BROOKLYN, N.Y. (CN) - Unless he makes another miraculous escape, the notoriously slippery Mexican drug kingpin Joaquin “El Chapo” Guzman will spend the rest of his life behind bars.
Guzman, 62, is not happy about it.
The drug lord, convicted in February of murder conspiracy and other charges related to his role at the head of the Sinaloa cartel, addressed the packed courtroom for about 15 minutes at his sentencing hearing Wednesday morning. Through a translator, Guzman spent most of that time criticizing his conditions of confinement and the juror misconduct that he claims prejudiced the case.
“When I was extradited to the United States I expected to have a fair trial,” Guzman said, “where justice would be blind” to his reputation, “but it was actually the opposite.”
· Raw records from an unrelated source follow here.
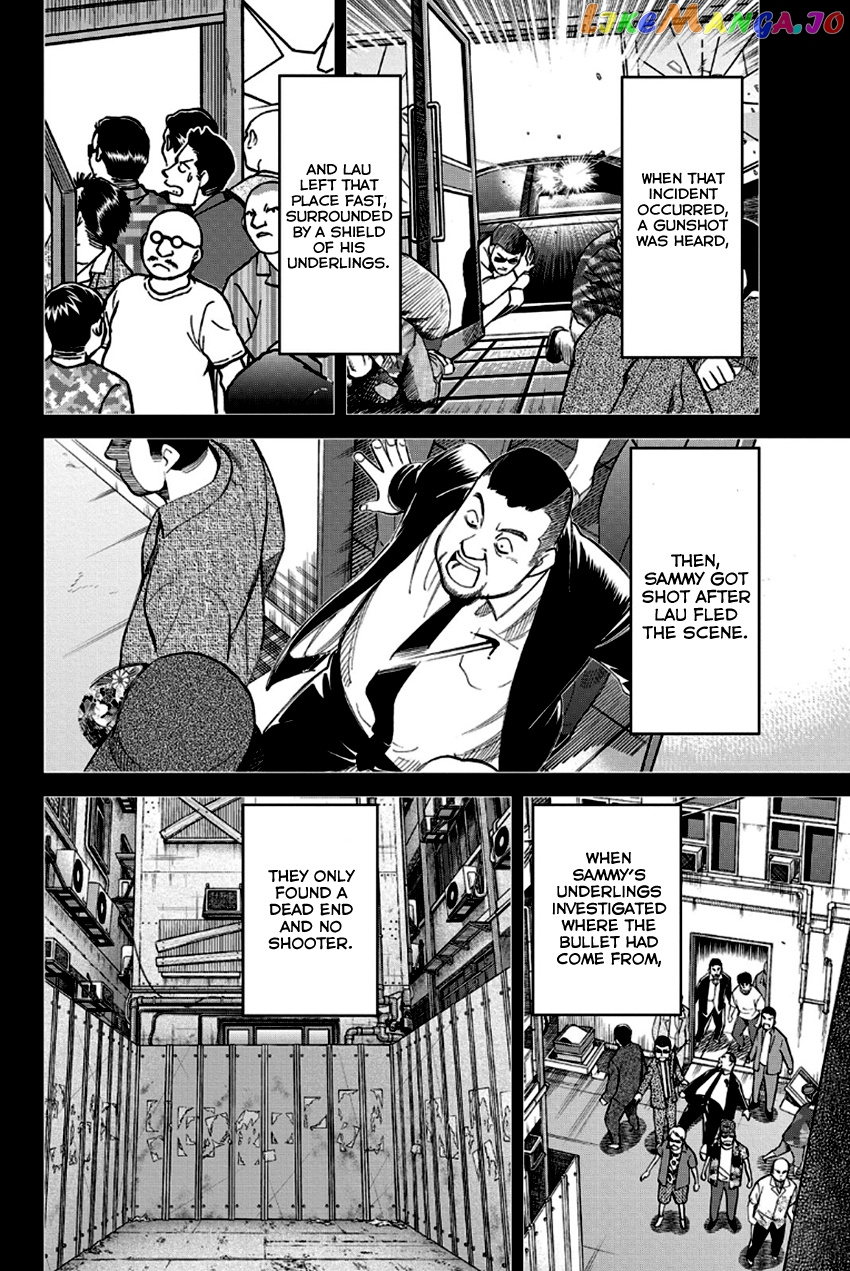 Q.e.d. – Shoumei Shuuryou chapter 96 - page 43
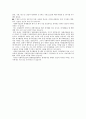 사회복지실천의 관계형성의 원칙 중 자신이 중요하다고 생각하는 원칙 1가지를 자신의 경험을 바탕으로A4 3매이내로 서술 2페이지
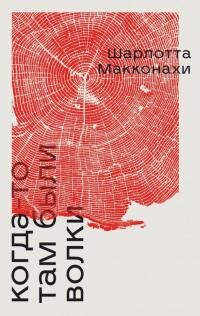 Книга Когда-то там были волки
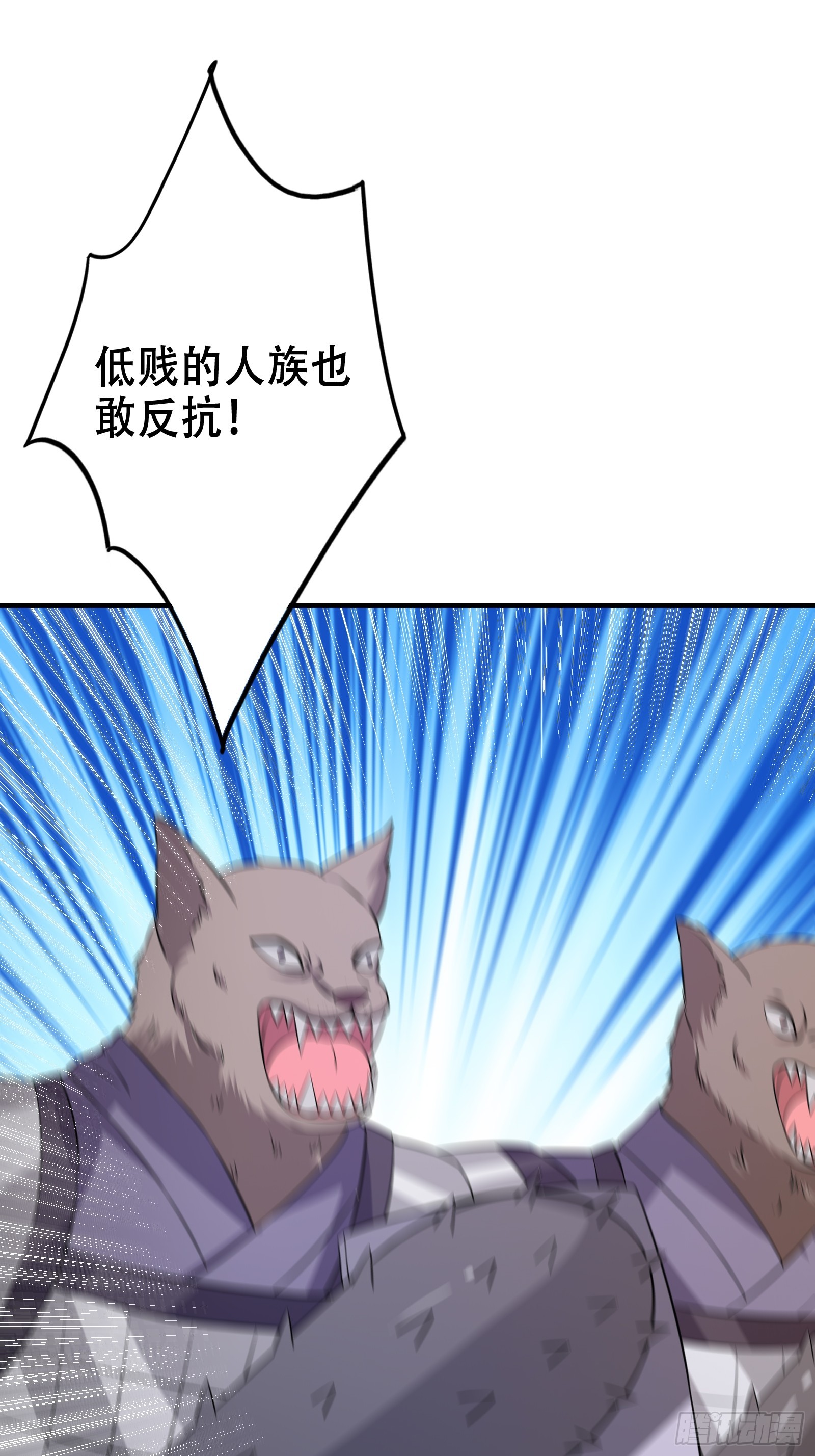 007 阴军降临！23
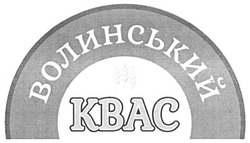 Свідоцтво торговельну марку № 256054 (заявка m201712258): волинський квас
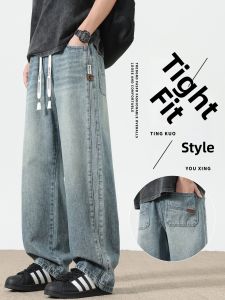 GUJOOCOW | Casual Loose Straight Wide Leg Jeans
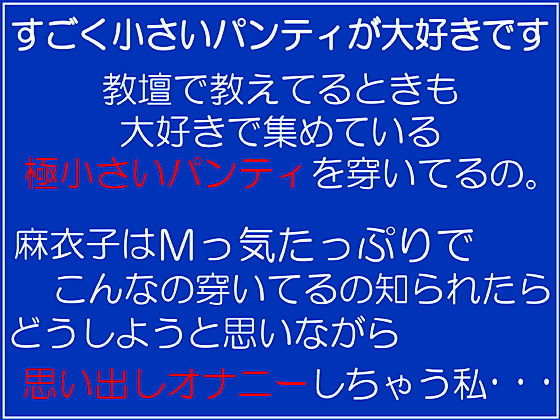 女教師・麻衣子の下着告白オナニー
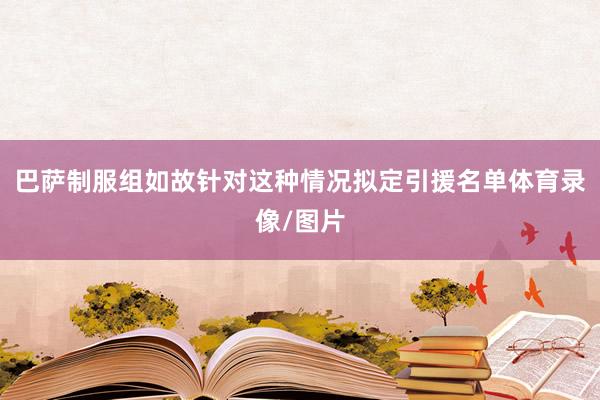 巴萨制服组如故针对这种情况拟定引援名单体育录像/图片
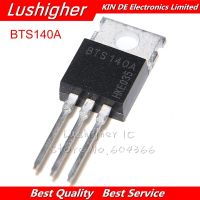 10PCS BTS140A 42A 50V Transistor Straight Insert TO-220 New WATTY Electronics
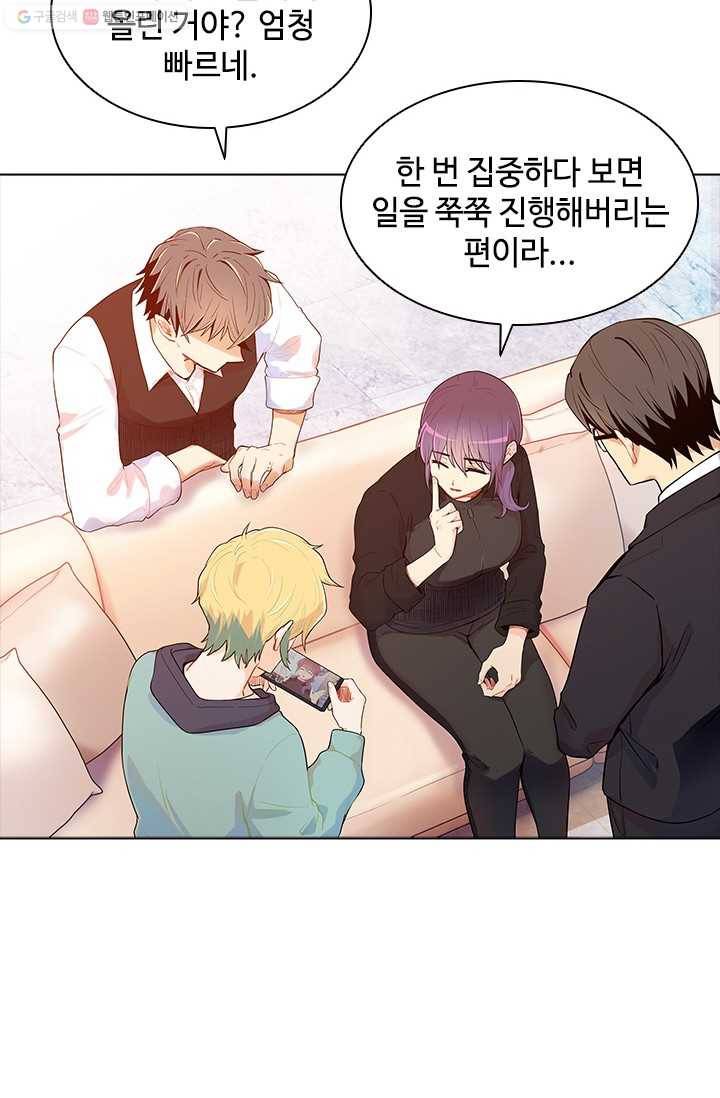 여신의 취향 41화 7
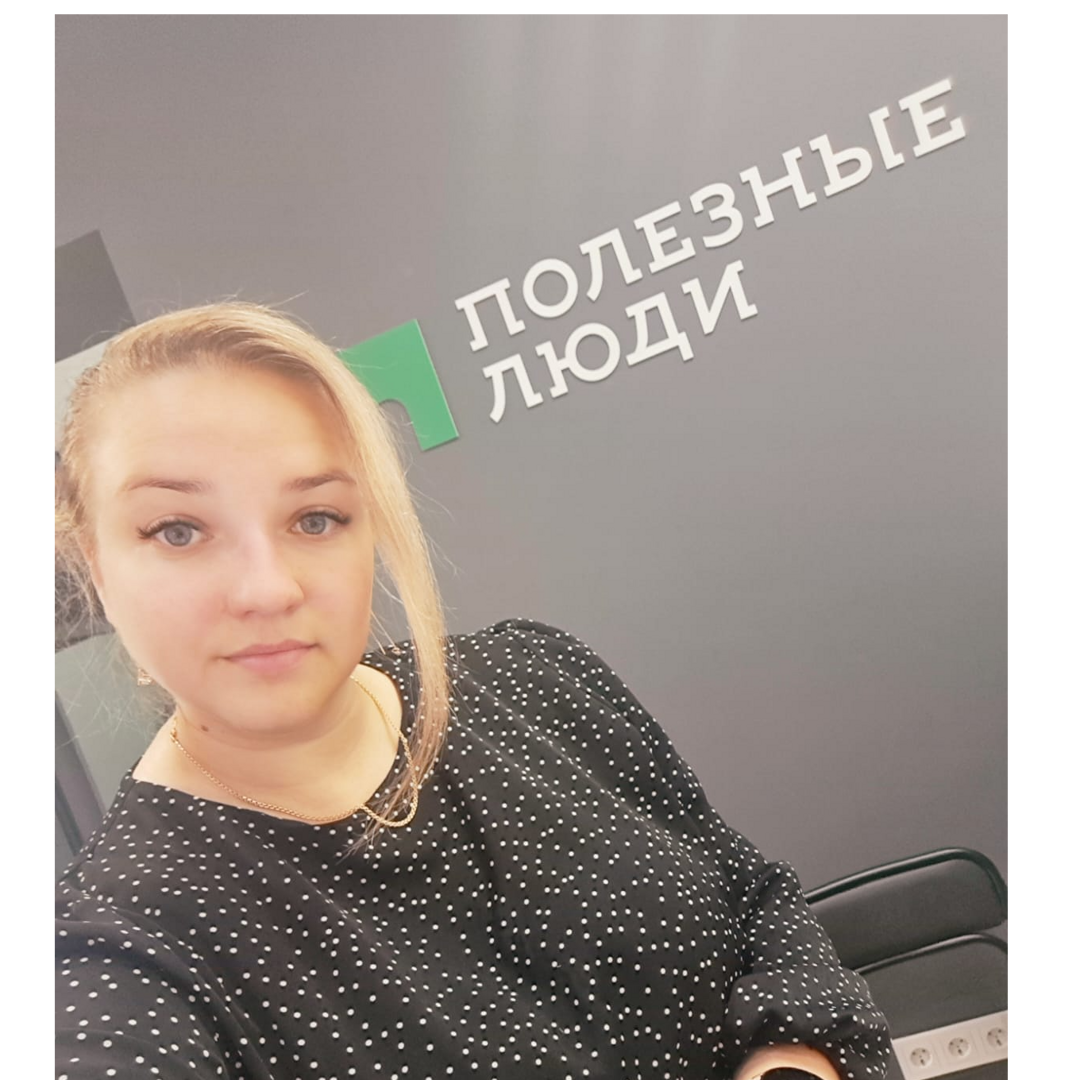 Наталья Губка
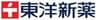 株式会社東洋新薬のロゴ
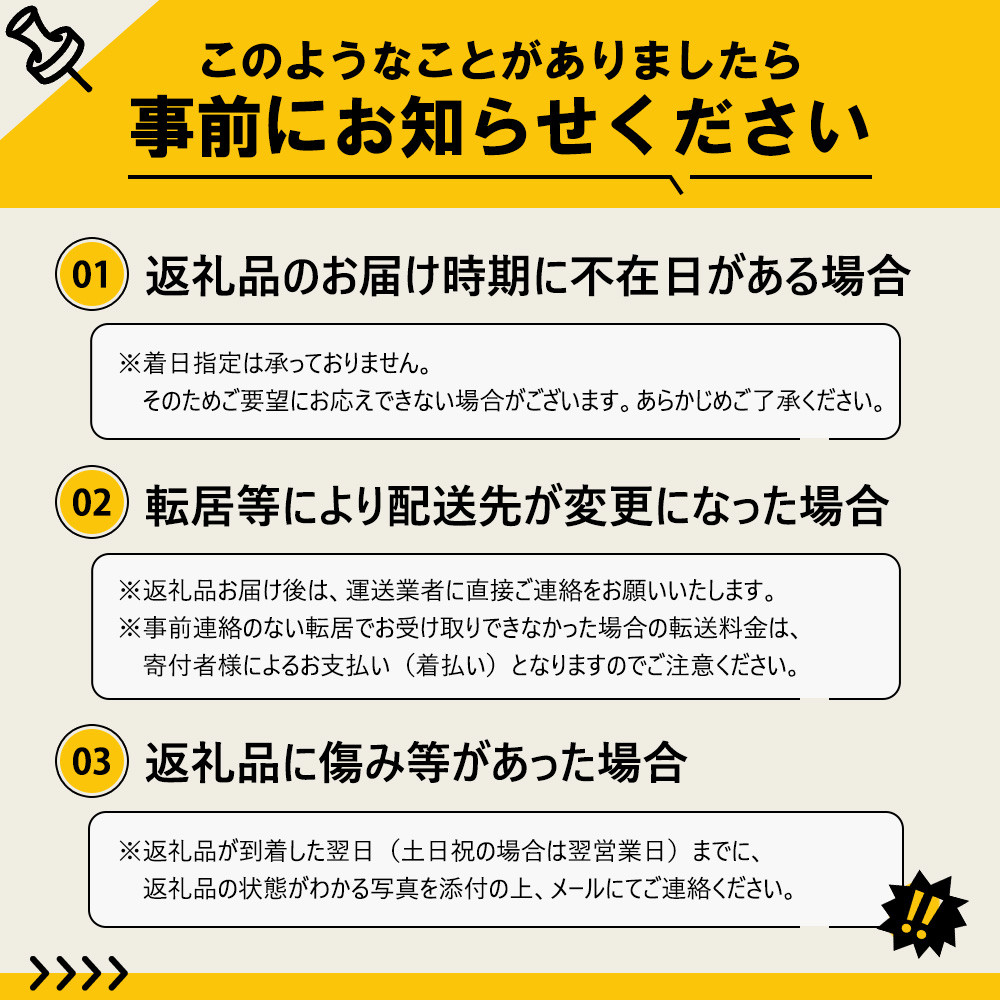 シサ遘九ョ鄒主袖シスシサ荵晏コヲ螻ア繝悶Λ繝ウ繝会シス譟ソ縺ョ縺オ繧九&縺ィ荵晏コヲ螻ア縺ョ豼蜴 蟇梧怏譟ソ 遘蜩 24ス32邇(邏7.5kg蜈・繧)縲3Lス朖繧オ繧、繧コシ医>縺壹l縺具シ シサMS152シス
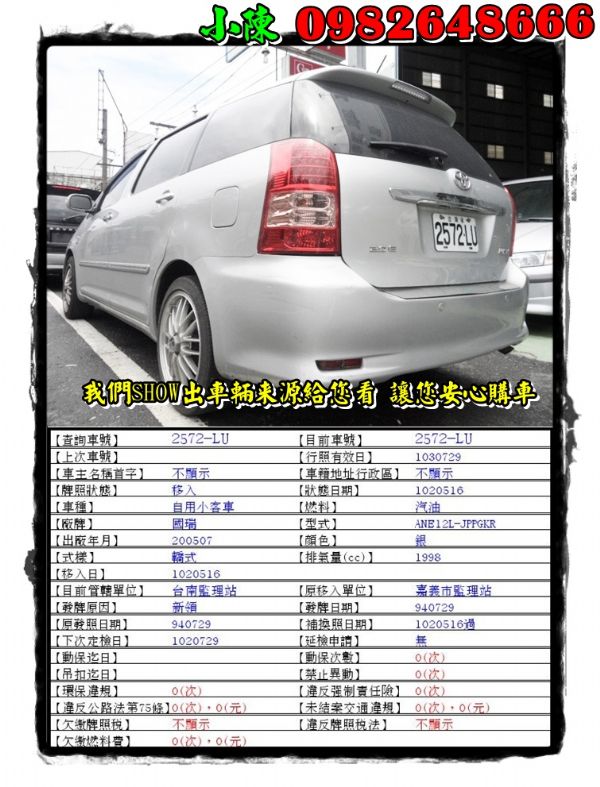 06年豐田TOYOTA WISH 2.0 照片2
Guzman’s lawyers had asked for a new trial back in March after Vice News published an anonymous account of the trial from inside the jury box. Though jurors are supposed to avoid media coverage during the trial, the article said these commands were flouted by multiple jurors.
U.S. District Judge Brian Cogan nevertheless denied Guzman’s motion earlier this month and refused to grant an evidentiary hearing, emphasizing that the evidence against Guzman was so overwhelming that even substantiation of the report would not make a difference.
Overwhelming puts it mildly. Over the course of a three-month trial this winter, prosecutors meticulously laid out serious crimes spanning multiple decades. More than a dozen cooperators testified, over 50 witnesses in all.
Defense attorney Jeffrey Lichtman nevertheless painted his client’s trial as unfair this morning in his remarks to the court.
“In the end, how we treat our most reviled in society is a measuring stick of our own society,” Lichtman said. “History will treat this verdict with skepticism.”
Before Cogan imposed a sentence of life in prison plus 30 years, Guzman echoed these criticisms in his statement.
“The U.S. is not any better than any other corrupt country,” Guzman said.
Cogan rested one cheek on his hand, watching passively as Guzman criticized the proceedings as a show trial.
“My case was stained, and you denied me a fair trial where the whole world was watching.”
Since his extradition 2 1/2 years ago from Mexico, Guzman has spent the bulk of this period in solitary confinement at the notorious “10 South” wing of the Metropolitan Correctional Center in lower Manhattan. It’s likely he will spend the rest of his days at ADX Florence, a super-maximum-security prison in the Colorado desert.
Guzman condemned these conditions in his statement to the court today.
"With all due respect, it's been torture," Guzman said. "It's the most inhuman situation I've lived in in my life. It's been [a] lack of respect for human dignity."